#### WHAT THE TASK ASKS
The listing below should be printed again word for word, without any images.

#### INFORMATION PROVIDED
BEGIN

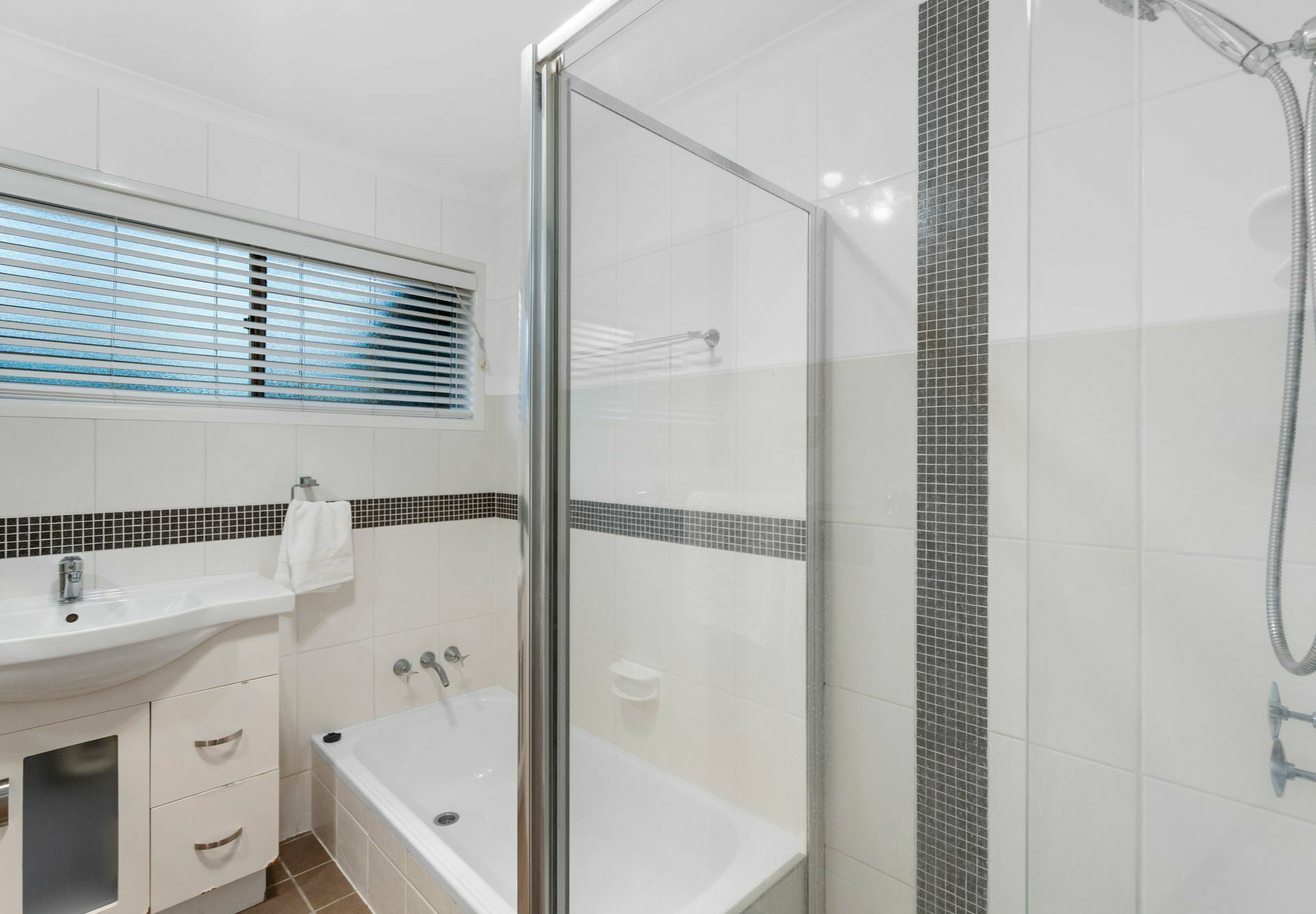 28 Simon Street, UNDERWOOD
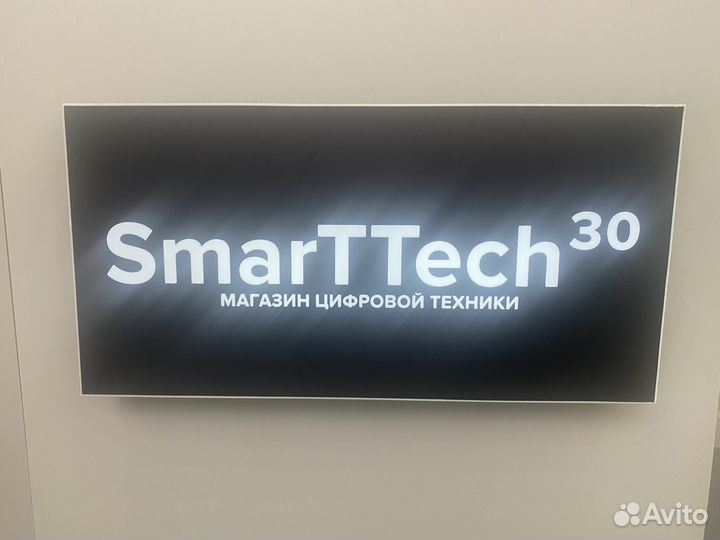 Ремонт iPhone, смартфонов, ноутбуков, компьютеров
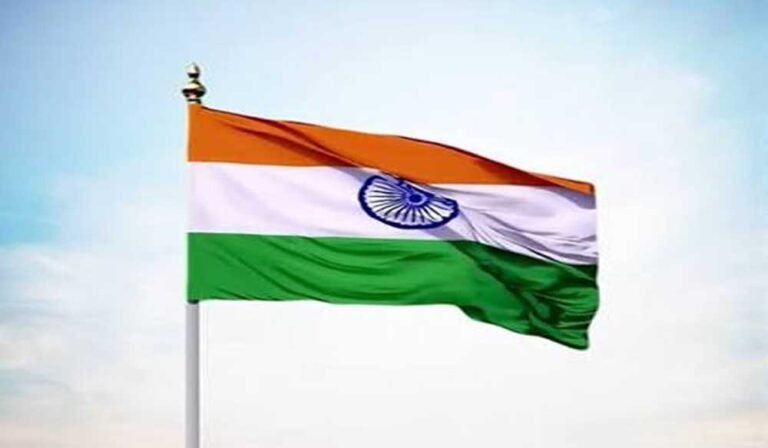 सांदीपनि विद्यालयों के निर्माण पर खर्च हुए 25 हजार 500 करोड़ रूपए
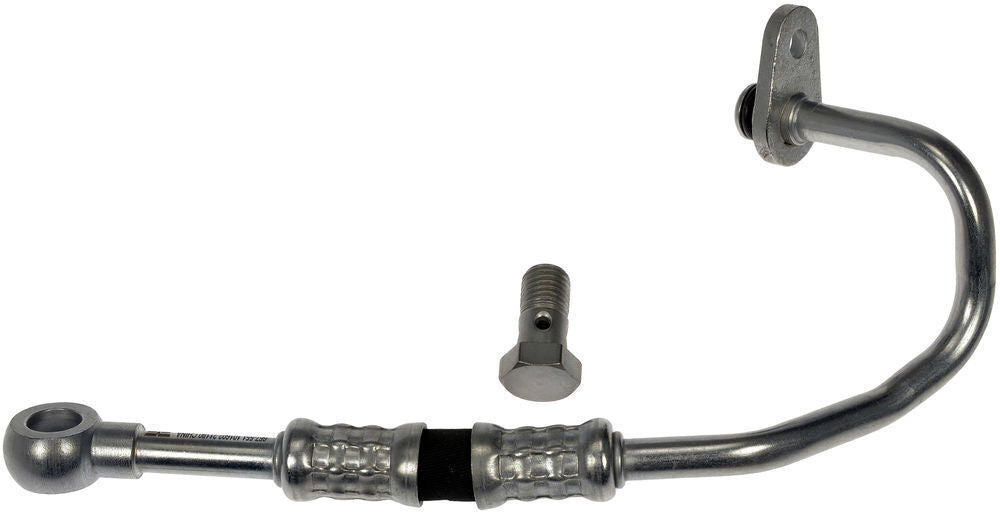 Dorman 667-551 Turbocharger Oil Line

END

#### OUTPUT
 28 Simon Street, UNDERWOOD
 Ремонт iPhone, смартфонов, ноутбуков, компьютеров
 सांदीपनि विद्यालयों के निर्माण पर खर्च हुए 25 हजार 500 करोड़ रूपए
 Dorman 667-551 Turbocharger Oil Line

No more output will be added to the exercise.